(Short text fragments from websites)
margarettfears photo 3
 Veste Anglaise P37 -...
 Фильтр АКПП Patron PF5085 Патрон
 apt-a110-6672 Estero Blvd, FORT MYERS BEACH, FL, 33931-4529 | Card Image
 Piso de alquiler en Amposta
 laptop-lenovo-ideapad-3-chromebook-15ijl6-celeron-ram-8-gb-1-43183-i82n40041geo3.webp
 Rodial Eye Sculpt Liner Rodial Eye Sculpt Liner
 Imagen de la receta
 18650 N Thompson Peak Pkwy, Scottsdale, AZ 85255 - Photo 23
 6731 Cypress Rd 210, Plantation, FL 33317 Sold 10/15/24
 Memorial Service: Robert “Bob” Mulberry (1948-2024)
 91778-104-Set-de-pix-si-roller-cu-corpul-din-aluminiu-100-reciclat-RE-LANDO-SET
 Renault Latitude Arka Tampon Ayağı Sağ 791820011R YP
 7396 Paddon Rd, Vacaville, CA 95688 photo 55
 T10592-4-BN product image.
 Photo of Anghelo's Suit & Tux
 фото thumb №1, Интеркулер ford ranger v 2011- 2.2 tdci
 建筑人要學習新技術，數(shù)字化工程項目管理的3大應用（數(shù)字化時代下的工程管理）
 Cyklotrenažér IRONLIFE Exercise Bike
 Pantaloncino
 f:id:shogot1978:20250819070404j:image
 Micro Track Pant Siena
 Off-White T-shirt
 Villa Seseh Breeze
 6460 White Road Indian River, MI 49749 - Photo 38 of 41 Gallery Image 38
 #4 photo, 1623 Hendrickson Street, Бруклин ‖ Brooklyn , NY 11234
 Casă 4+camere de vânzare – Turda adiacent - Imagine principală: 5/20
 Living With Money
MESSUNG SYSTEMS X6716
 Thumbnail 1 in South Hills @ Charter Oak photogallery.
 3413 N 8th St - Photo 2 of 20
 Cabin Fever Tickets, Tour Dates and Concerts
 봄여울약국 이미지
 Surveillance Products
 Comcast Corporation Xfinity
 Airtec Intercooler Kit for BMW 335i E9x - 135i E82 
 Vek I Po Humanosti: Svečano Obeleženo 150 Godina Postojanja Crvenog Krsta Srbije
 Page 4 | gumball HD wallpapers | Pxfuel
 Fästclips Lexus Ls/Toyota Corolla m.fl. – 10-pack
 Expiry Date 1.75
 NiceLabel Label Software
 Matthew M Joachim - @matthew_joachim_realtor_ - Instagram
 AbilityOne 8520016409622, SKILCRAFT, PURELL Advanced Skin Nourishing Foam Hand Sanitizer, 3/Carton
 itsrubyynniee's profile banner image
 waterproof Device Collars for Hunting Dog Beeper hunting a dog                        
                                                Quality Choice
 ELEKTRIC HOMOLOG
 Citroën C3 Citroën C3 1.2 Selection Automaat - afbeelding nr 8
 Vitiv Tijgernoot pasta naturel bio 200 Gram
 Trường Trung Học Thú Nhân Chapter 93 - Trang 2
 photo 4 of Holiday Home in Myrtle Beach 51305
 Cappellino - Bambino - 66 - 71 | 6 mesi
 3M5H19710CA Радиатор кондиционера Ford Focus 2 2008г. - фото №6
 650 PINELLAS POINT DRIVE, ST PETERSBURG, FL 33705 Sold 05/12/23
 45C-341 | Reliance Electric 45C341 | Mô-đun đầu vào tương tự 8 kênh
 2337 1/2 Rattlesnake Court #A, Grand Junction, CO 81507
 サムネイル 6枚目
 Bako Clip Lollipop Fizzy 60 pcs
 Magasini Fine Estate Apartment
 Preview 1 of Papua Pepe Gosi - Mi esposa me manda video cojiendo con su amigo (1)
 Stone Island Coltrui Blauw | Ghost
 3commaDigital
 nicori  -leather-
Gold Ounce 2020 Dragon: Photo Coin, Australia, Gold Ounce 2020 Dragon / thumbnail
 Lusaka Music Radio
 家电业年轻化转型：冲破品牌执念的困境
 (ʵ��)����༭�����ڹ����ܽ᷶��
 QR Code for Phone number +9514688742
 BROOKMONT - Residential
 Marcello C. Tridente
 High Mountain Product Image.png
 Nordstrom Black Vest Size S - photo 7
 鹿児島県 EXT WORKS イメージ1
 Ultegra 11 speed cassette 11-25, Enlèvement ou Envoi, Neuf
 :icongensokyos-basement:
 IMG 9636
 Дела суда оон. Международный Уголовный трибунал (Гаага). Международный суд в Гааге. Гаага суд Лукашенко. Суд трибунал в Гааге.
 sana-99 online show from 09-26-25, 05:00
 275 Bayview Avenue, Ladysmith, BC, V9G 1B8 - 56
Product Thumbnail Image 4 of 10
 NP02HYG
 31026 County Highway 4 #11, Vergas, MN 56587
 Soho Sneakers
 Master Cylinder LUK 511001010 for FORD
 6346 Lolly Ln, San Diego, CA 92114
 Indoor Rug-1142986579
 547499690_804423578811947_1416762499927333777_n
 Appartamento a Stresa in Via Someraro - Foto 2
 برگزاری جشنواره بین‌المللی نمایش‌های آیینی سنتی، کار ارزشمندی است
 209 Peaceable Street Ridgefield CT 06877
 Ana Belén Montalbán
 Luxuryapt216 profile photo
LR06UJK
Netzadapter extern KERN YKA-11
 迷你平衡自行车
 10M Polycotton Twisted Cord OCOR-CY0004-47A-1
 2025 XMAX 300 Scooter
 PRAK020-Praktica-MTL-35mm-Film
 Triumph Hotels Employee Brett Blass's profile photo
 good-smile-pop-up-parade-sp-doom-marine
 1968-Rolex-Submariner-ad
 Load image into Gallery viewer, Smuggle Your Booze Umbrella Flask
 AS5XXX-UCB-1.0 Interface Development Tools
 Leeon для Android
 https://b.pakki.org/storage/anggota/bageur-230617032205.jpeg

* Requirement:
Going back over the entries above, copy word for word every line from the one that has "Bako Clip Lollipop Fizzy 60 pcs" on through the one that has "Nordstrom Black Vest Size S - photo 7".

* Completed task:
 Bako Clip Lollipop Fizzy 60 pcs
 Magasini Fine Estate Apartment
 Preview 1 of Papua Pepe Gosi - Mi esposa me manda video cojiendo con su amigo (1)
 Stone Island Coltrui Blauw | Ghost
 3commaDigital
 nicori  -leather-
Gold Ounce 2020 Dragon: Photo Coin, Australia, Gold Ounce 2020 Dragon / thumbnail
 Lusaka Music Radio
 家电业年轻化转型：冲破品牌执念的困境
 (ʵ��)����༭�����ڹ����ܽ᷶��
 QR Code for Phone number +9514688742
 BROOKMONT - Residential
 Marcello C. Tridente
 High Mountain Product Image.png
 Nordstrom Black Vest Size S - photo 7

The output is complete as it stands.